Também no décimo primeiro, resgatei algo que tinha deixado pendente nos primeiros dias de janeiro. Comecei uma história de um jeito atípico, mas, afinal de contas, todo mundo sabe que o diferente que faz a diferença. Me permiti deixar os julgamentos e medos pra trás pra começar algo novo. Construí uma intimidade, me viciei no sorriso e me moldei por vontade própria. Tudo pela vontade de me perdoar pelo passado que eu vinha me condenando há anos. Me redescobri e aumentei ainda mais meu limite diante de várias coisas. Quebrei padrões, tabus e comportamentos. Não me arrependo de nada.

Ouvi de uma professora que admiro que sou um "estudante acima da média". Escolhi um tema que sou apaixonado pro meu projeto experimental. Depois de alguns sufocos, tudo está encaminhado para me formar em fevereiro. Falo mais sobre o que isso significa no texto do ano que vem, também.

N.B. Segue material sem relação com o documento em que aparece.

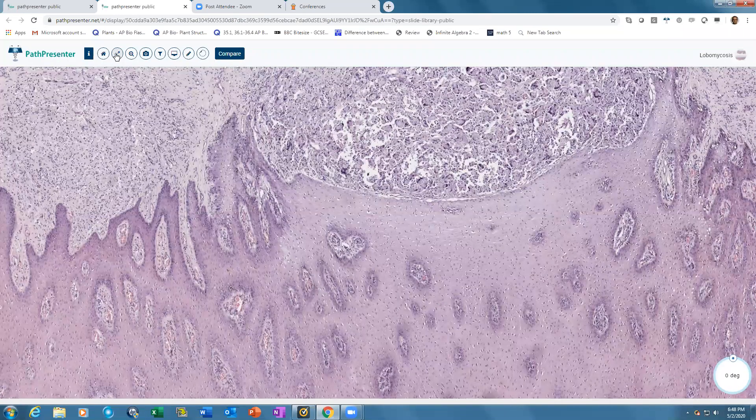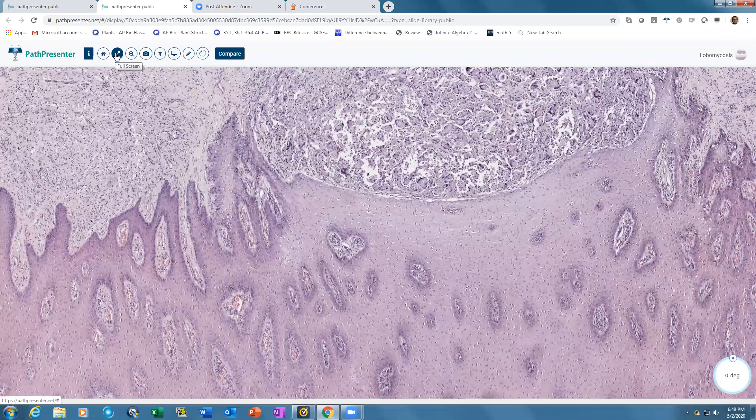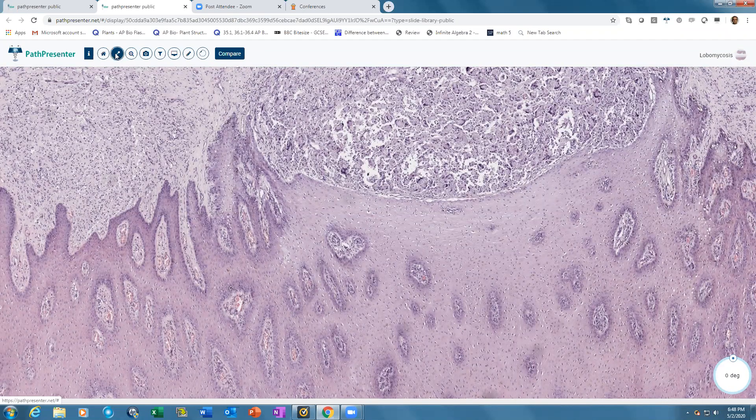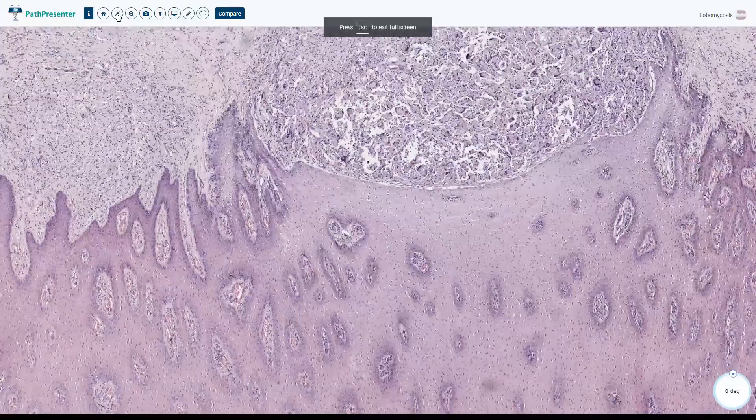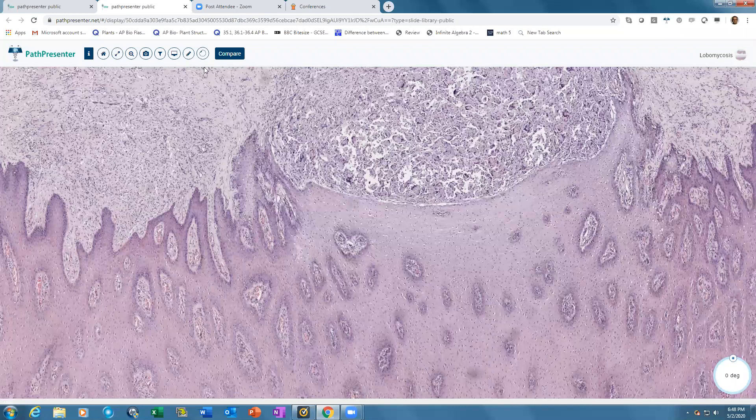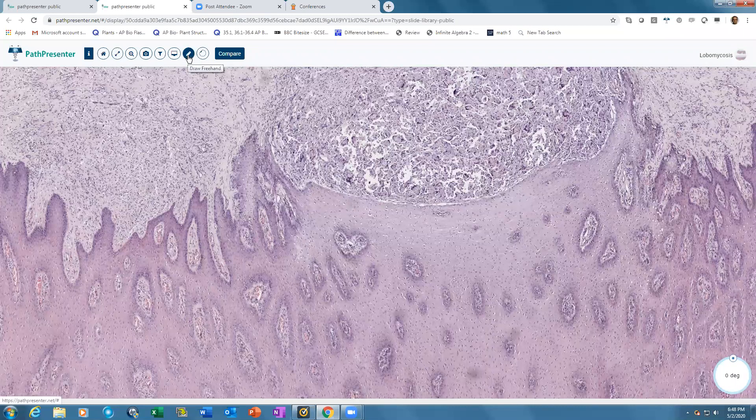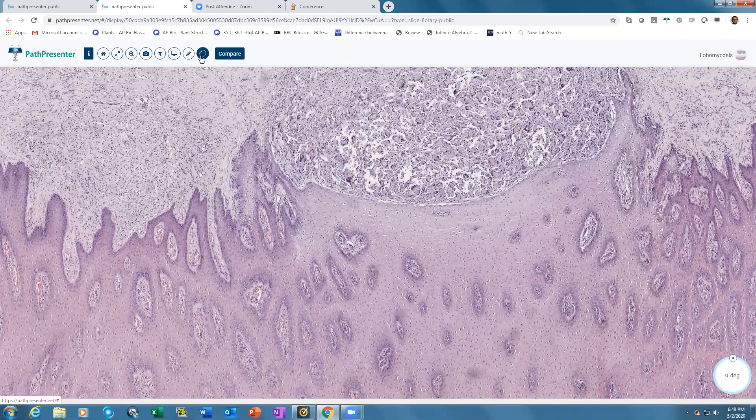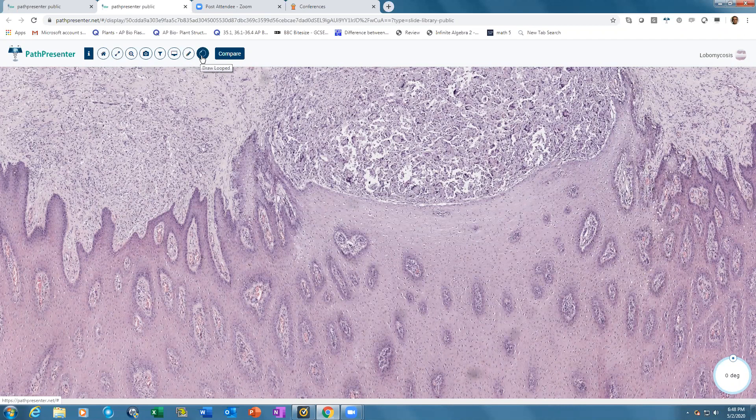The full screen button allows you to make the slide full screen. The rest of the tools allow you to annotate either freehand or draw looped annotations when teaching from the slide.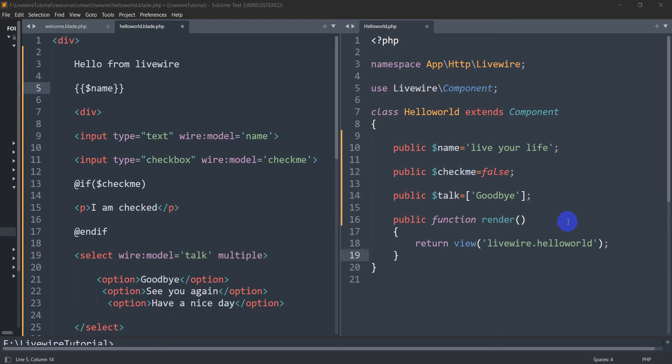Hello everyone, this is Yamin and welcome to Livewire tutorial for beginners. In the previous tutorial we saw data binding in Livewire, and in this tutorial we are going to see some methods and actions in Livewire.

Em dezembro, fiz minha segunda tatuagem. Mantendo a linha de homenagens: "Synasthesie" em código morse. Uma onda de som para homenagear a importância da música na minha vida.
No último (e atual) todos se encheram de planos. Natal e Reveillon são pautas. Eu sempre supersticioso, dessa vez vou passar, pela primeira vez, a virada no cerrado. Depois de muito pensar no que eu queria pro meu 2013, talvez esse seja a melhor forma de começar meu ano: do lado daqueles que mais amo. Eu não sei até quando os terei do meu lado quando quiser. Eu não sei se ano que vem, durante o texto de respectiva, eu os terei deixado pra procurar o que eu tanto busco. Tenho certeza que a meia noite será regada de olhares de despedida saudosistas partidos de mim e que ninguém vai entender.
Já na segunda quinzena de dezembro, me percebo maduro pra não julgar. Alguns caminhos não foram pra onde eu imaginei que iriam, mas consigo enxergar que eles foram por um motivo e esse é a busca individual da felicidade. Algumas mudanças são dolorosas, mas necessárias para que consigamos sorrir no final do dia. Algumas mudanças são necessárias para que percebamos até onde a confiança deve ir ou até onde ela merece chegar. No final das contas, as mudanças nos dão a oportunidade de fazer tudo diferente. Tudo melhor. Da mesma forma que se iniciou o ano lá em janeiro. E ainda bem que sinto a mesma coisa. 2012 foi um ano incrível.